Search code examples
plotjulialegend

Julia scatter plot legend based on colour of point


I am plotting two arrays against each other and basing their point colour on the index in the array using a dictionary. I need to now add a legend but am stuck.

I would value opinion on both a more condensed way of getting this plot from two arrays and a dictionary and also how to add a correct legend.

This is my mwe (my actually x and y has 7255 entries). You will see the legend is incorrect as I am using a loop.

using PyPlot
#dictionary key: index value:category
my_dict=Dict(1 => "male",2 => "female",3=> "male", 4=> "n/a",5 => "male",6 => "female")

#assign colour to index based on category in my_dict
function point_colour(idx, my_dict)
  if my_dict[idx]=="male"
        colour="blue"
    elseif my_dict[idx]=="female"
        colour="red"
    else
        colour="black"
    end
    return colour    
end

 #plot x against y using assigned index colour   
f = figure()
plt.figure(figsize=(14,2.5))
x=[1,2,3,4,5,6]
y=[3,4,5,6,7,8]

for i in 1:length(x)
    col=point_colour(i, my_dict)
    plot(x[i],y[i], "o", color=col, label=my_dict[i])
end

plt.legend()
plt.show()



OUTPUT: enter image description here


Solution

  • It's adding the legend entry multiple times because you are plotting each point individually.
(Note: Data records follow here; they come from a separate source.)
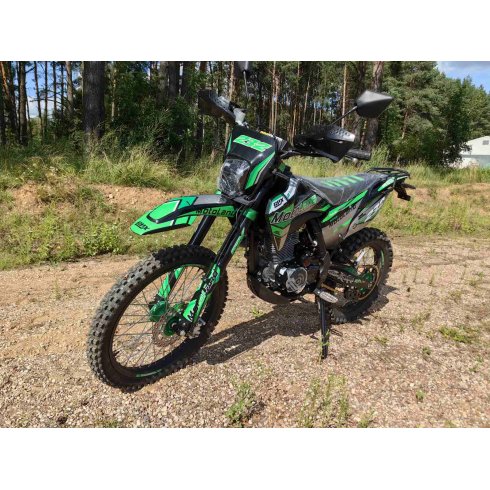 Мотоцикл Motoland XT300 HS 175FMM с ЭПТС (зелёный)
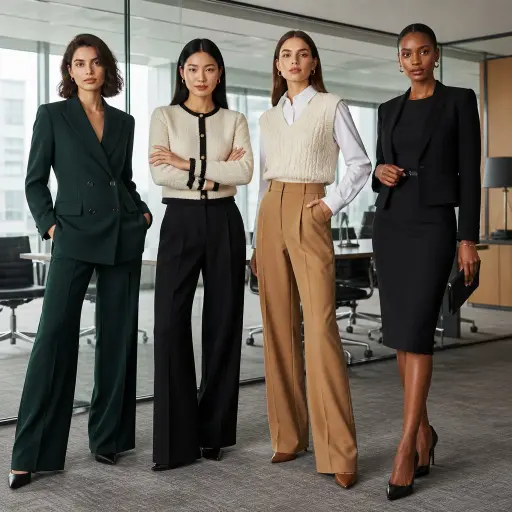 4. The Executive Presence (Modern Corporate Office Wear)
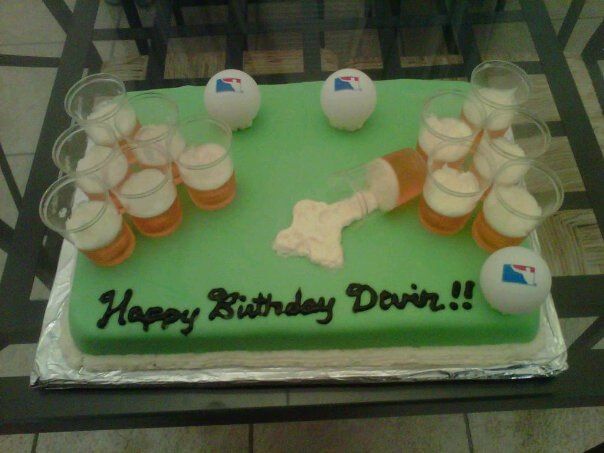 Beer Pong Cake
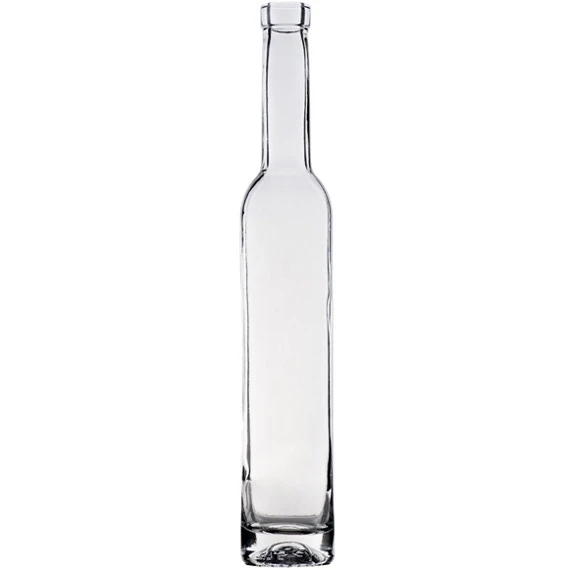 375 Ml Clear Glass Niagara Wine Bottle, Mini Punt, Bar Top, 12/cs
You have two options:

    1. Group the points by label (i.e. all the male points in one array) and then do one plot call for each of these grouped lists, with the corresponding label.
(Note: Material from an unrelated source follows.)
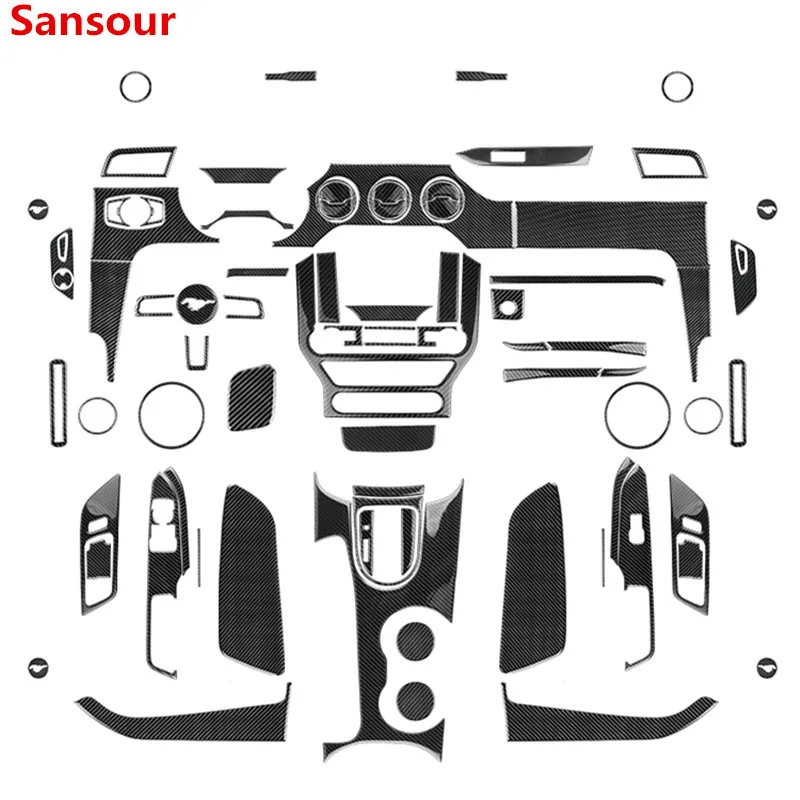 Наклейки на автомобиль Sansour для Ford Mustang украшение салона автомобиля из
    2. If you want to keep iterating through a loop like you are now, modify your plotting loop to check if it has already added the legend entry by doing something like:

    labelled = [] #initialize empty list which we will use to keep track of which things we have labelled
    for i in 1:length(x)
        col=point_colour(i, my_dict)
        label = ""
        if my_dict[i] ∉ labelled #get the "not in" symbol by typing \notin + tab at REPL
            label = my_dict[i] #if we haven't already labelled this class, add it to the legend
            push!(labelled,label) #add to our list so we don't label it again
        end
        plot(x[i],y[i], "o", color=col, label=label)
    end
    

    You want it to only add the legend entry once, so what the code above does is check if you have already added it and if so don't label it, but still give it the right color.